## Dataset extract
-*-*-
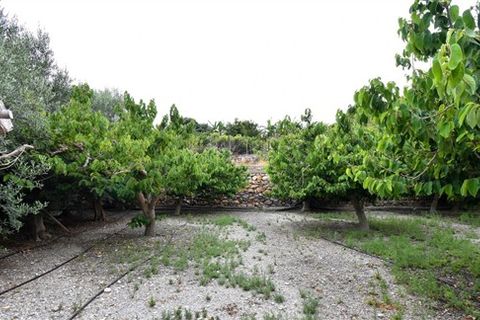 Finca i Motril, Granada, Motril - € 268.000 | Ref: 246 - foto 22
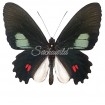Papilio Anchises Koenigi (M)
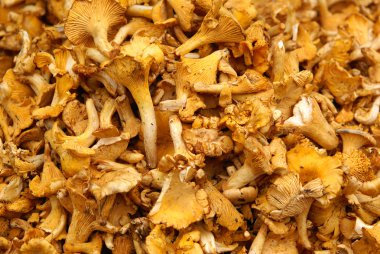 chantarelle bir Pazar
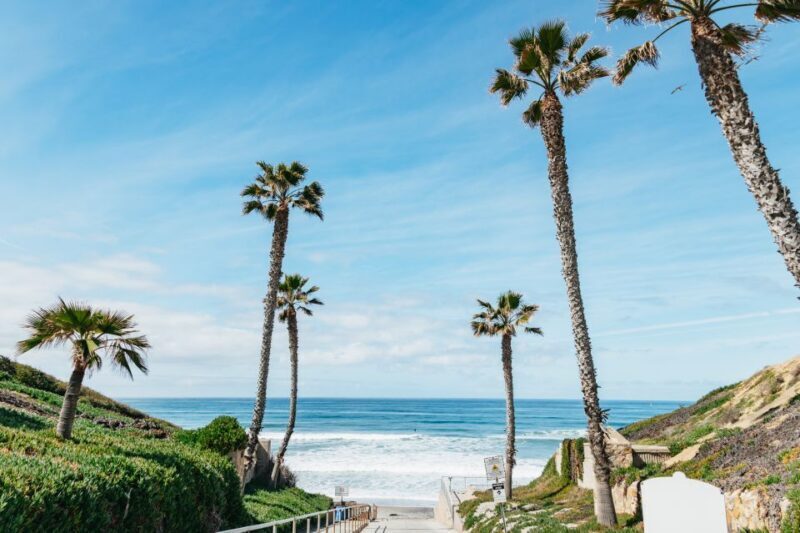 Solana Beach: Private Surf Lesson with Board and Wetsuit - A Closer Look at the Experience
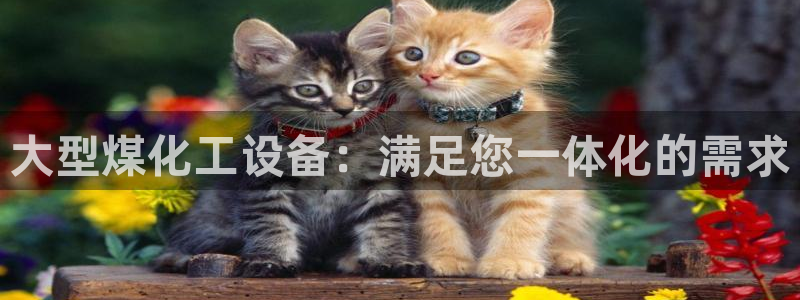 新航娱乐背后的老板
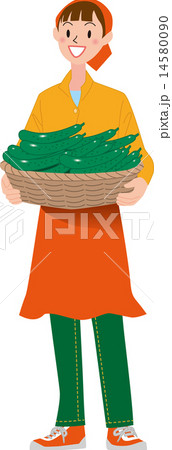 収穫 きゅうりのイラスト素材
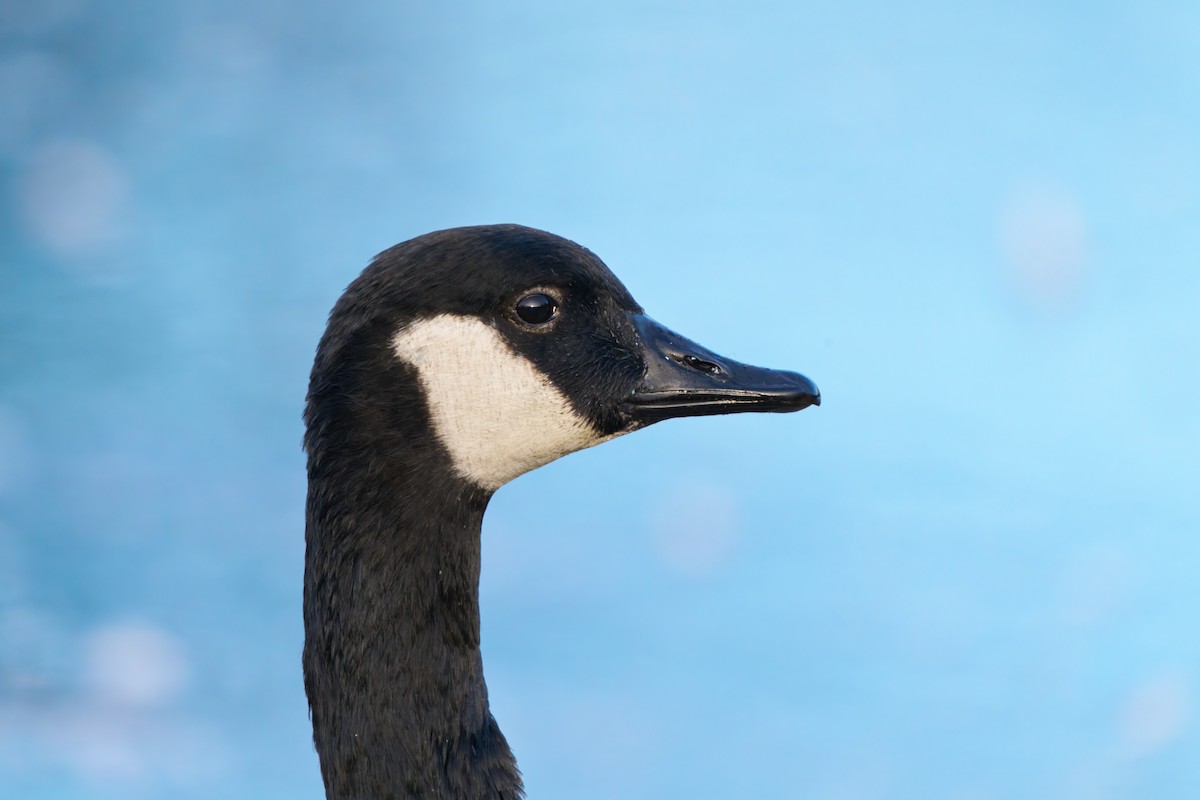 Canada Goose - ML646124981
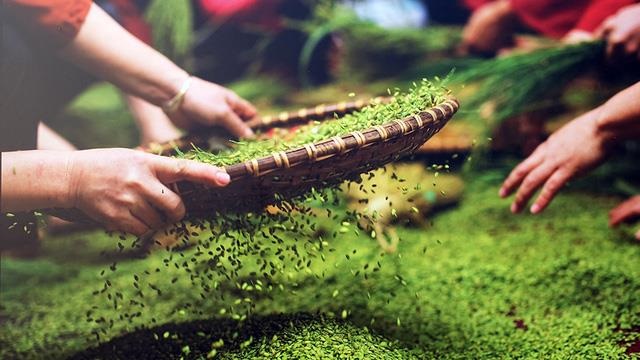 mua cốm non lá me mua cốm non lá me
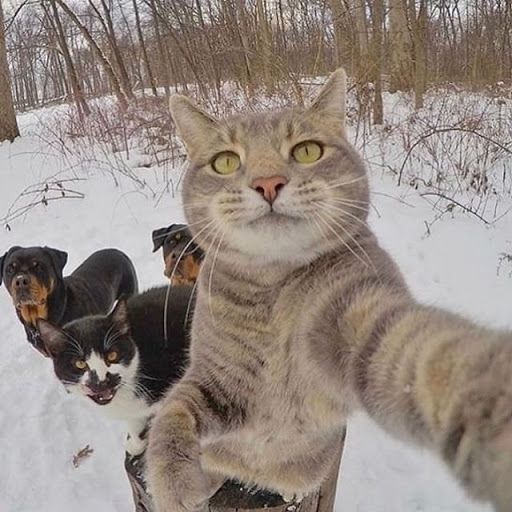 Movie Theater «Marcus South Shore Cinema», reviews and photos, 7261 South 13th Street, Oak Creek, WI 53154, USA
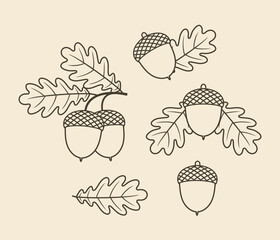 Acorn outline. Isolated acorn outline on white background © oleg7799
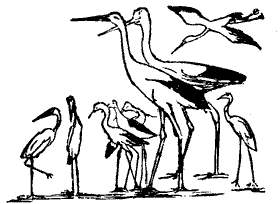 storks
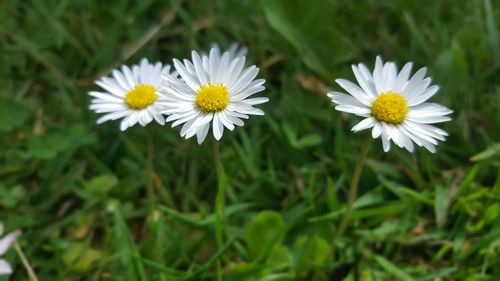 Close-up of white flowers blooming outdoors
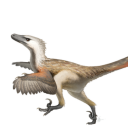 bambugsinmymouth avatar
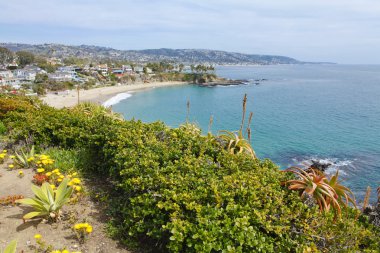 Okyanus Manzaralı. Laguna beach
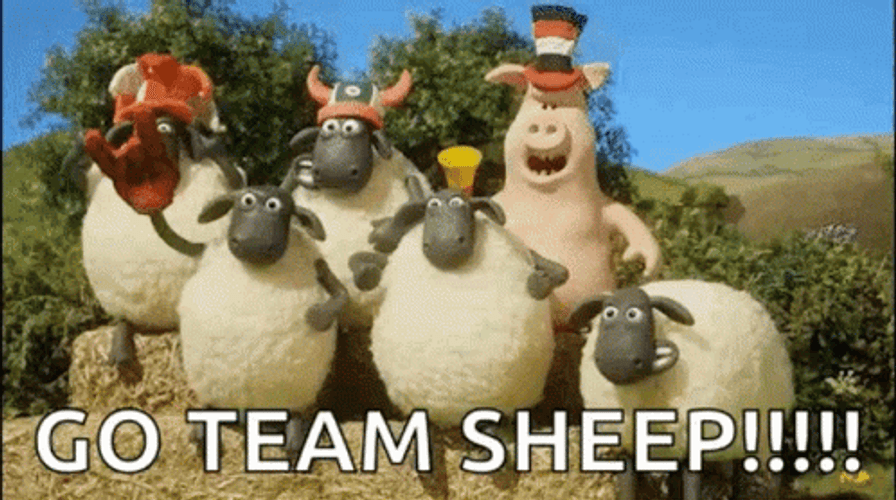 Shaun The Sheep Fans Audience GIF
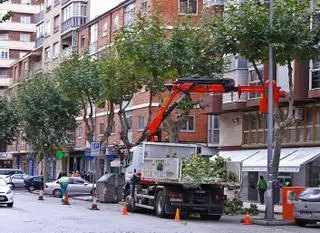 La empresa de Jardines, denunciada por endosar obras privadas al Ayuntamiento de Zamora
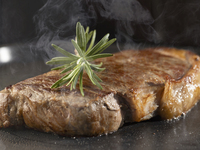 Wagyu Beef Plan (May 20th - May 31st)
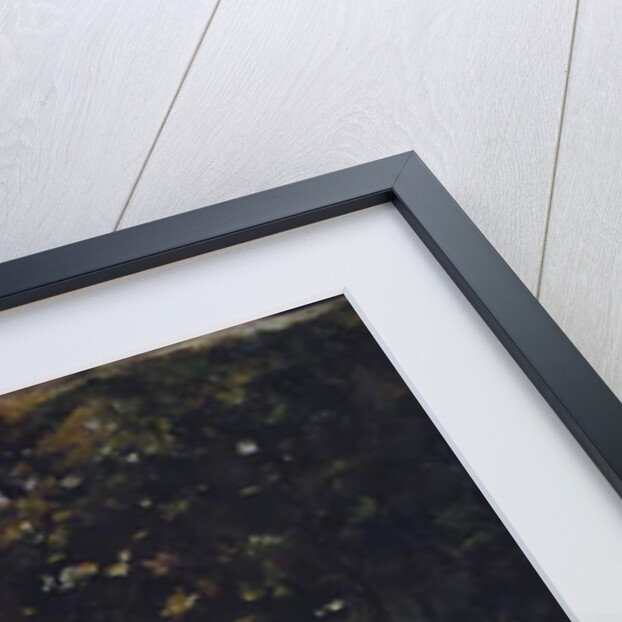 An Apple for Little Sister by Jacob Simon Kever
-*-*-
## What to do
Write the lines out word for word, starting at the one with "chantarelle bir Pazar" and stopping after the last line of the material above, with pictures excluded.

## Answer to this exercise
 chantarelle bir Pazar
 Solana Beach: Private Surf Lesson with Board and Wetsuit - A Closer Look at the Experience
 新航娱乐背后的老板
 収穫 きゅうりのイラスト素材
 Canada Goose - ML646124981
 mua cốm non lá me mua cốm non lá me
 Movie Theater «Marcus South Shore Cinema», reviews and photos, 7261 South 13th Street, Oak Creek, WI 53154, USA
 Acorn outline. Isolated acorn outline on white background © oleg7799
 storks
 Close-up of white flowers blooming outdoors
 bambugsinmymouth avatar
 Okyanus Manzaralı. Laguna beach
 Shaun The Sheep Fans Audience GIF
 La empresa de Jardines, denunciada por endosar obras privadas al Ayuntamiento de Zamora
 Wagyu Beef Plan (May 20th - May 31st)
 An Apple for Little Sister by Jacob Simon Kever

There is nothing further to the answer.